=== Dataset excerpts ===
━━━━━━━━
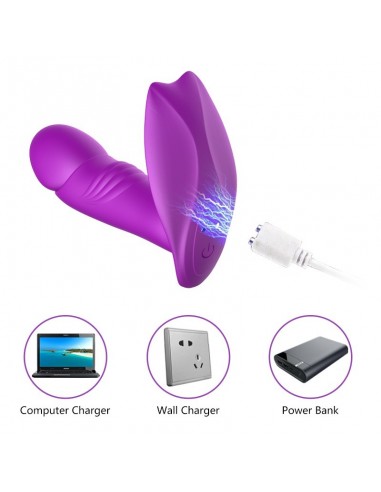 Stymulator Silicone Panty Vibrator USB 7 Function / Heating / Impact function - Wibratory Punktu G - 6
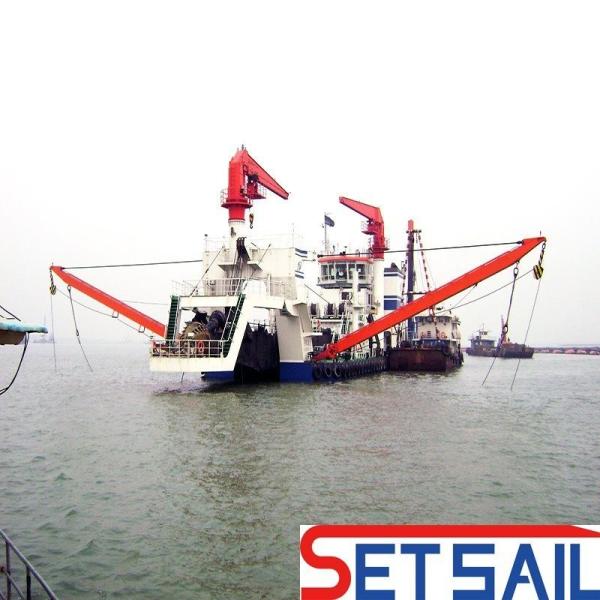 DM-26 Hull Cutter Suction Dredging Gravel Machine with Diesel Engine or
━━━━━━━━
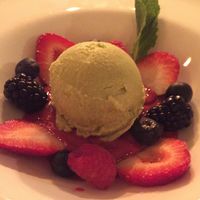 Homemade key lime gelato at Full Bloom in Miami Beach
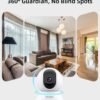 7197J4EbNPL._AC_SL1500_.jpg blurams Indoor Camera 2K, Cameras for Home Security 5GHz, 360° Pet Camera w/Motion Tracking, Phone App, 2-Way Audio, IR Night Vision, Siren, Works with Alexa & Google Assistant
━━━━━━━━
=== Your goal ===
Could you output exactly the lines above, from the line with "Stymulator Silicone Panty" up to and including the line with "DM-26 Hull Cutter", and nothing else, skipping the pictures?

=== Exercise response ===
 Stymulator Silicone Panty Vibrator USB 7 Function / Heating / Impact function - Wibratory Punktu G - 6
 DM-26 Hull Cutter Suction Dredging Gravel Machine with Diesel Engine or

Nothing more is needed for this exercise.